Omit the pictures, then write out every entry exactly as it reads.
________________________________________
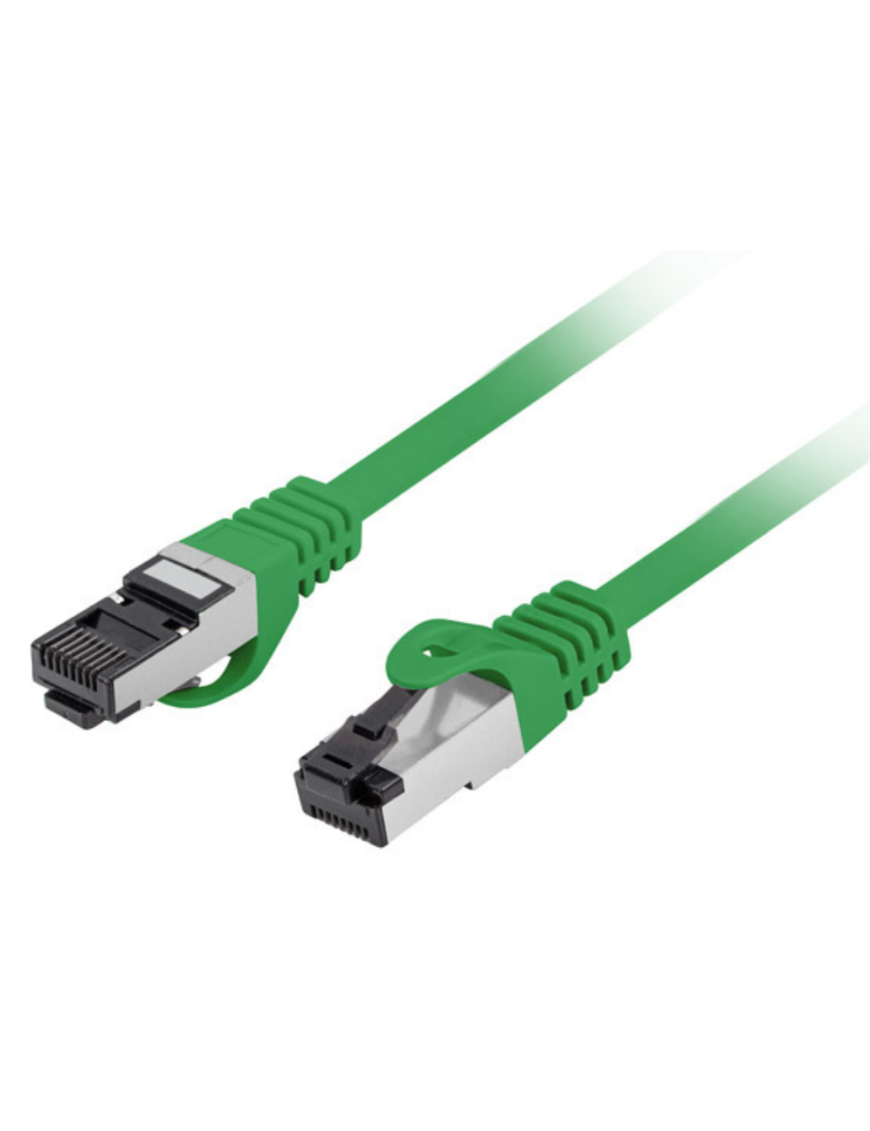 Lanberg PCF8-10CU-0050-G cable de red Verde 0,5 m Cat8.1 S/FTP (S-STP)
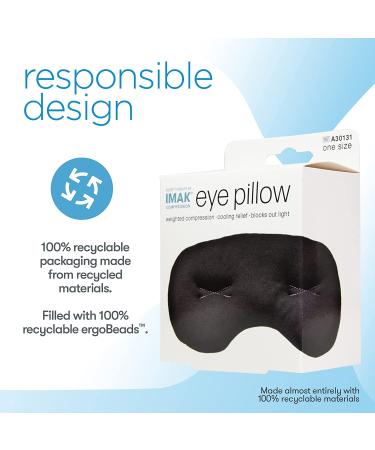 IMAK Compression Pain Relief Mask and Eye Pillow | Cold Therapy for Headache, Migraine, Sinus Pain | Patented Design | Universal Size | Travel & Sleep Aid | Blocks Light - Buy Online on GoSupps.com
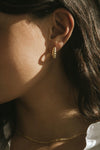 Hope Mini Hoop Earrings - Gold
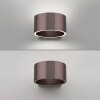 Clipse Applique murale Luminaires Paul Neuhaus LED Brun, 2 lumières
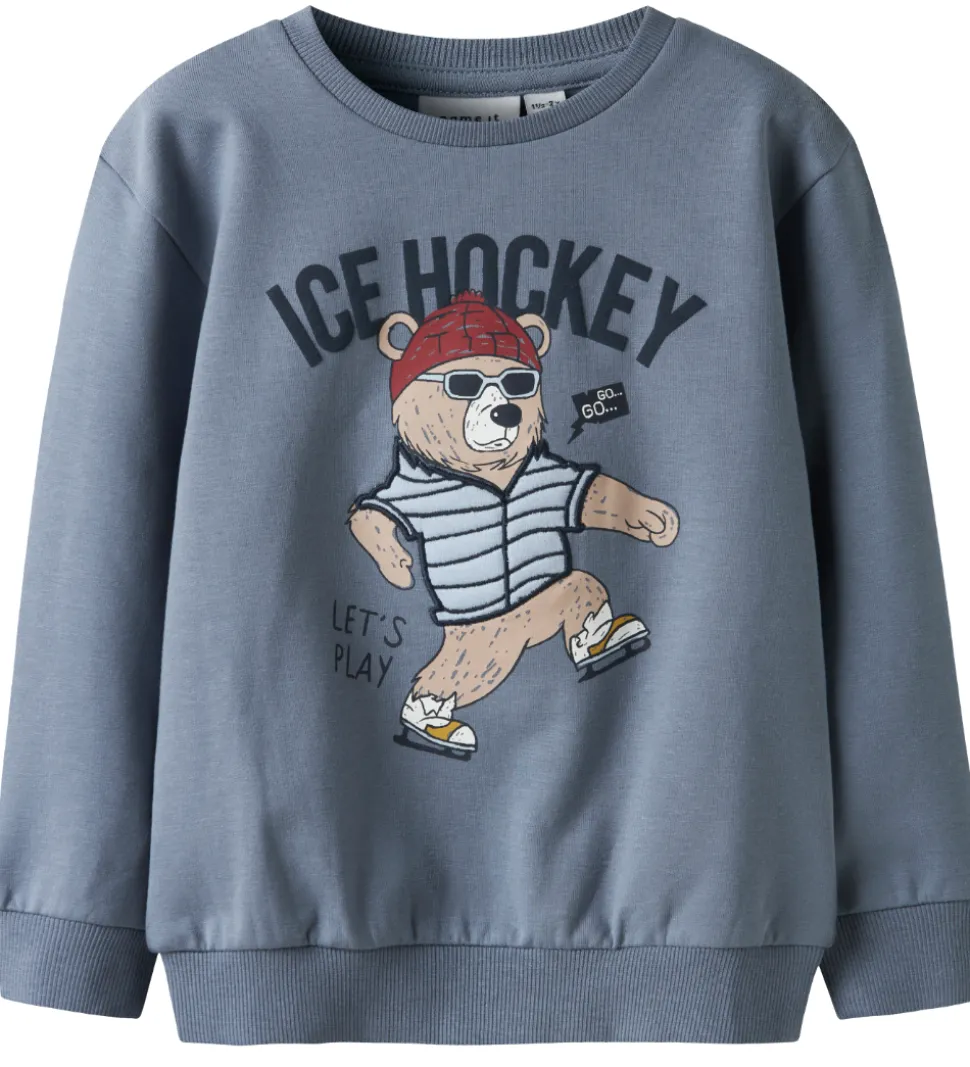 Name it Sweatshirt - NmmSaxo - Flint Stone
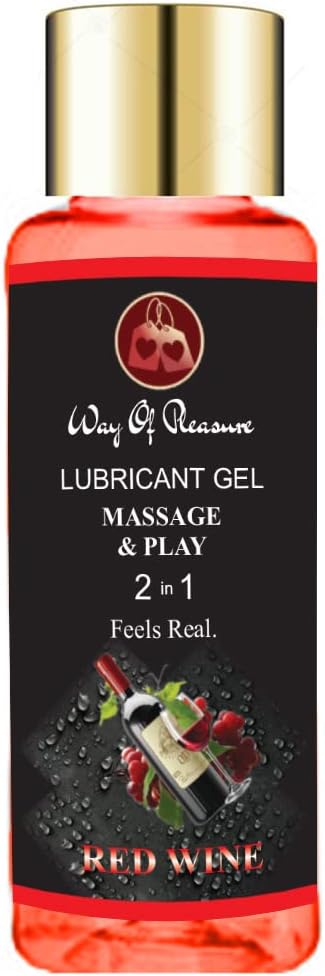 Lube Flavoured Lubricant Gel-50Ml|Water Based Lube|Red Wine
________________________________________
▶ [Task solution]
 Lanberg PCF8-10CU-0050-G cable de red Verde 0,5 m Cat8.1 S/FTP (S-STP)
 IMAK Compression Pain Relief Mask and Eye Pillow | Cold Therapy for Headache, Migraine, Sinus Pain | Patented Design | Universal Size | Travel & Sleep Aid | Blocks Light - Buy Online on GoSupps.com
 Hope Mini Hoop Earrings - Gold
 Clipse Applique murale Luminaires Paul Neuhaus LED Brun, 2 lumières
 Name it Sweatshirt - NmmSaxo - Flint Stone
 Lube Flavoured Lubricant Gel-50Ml|Water Based Lube|Red Wine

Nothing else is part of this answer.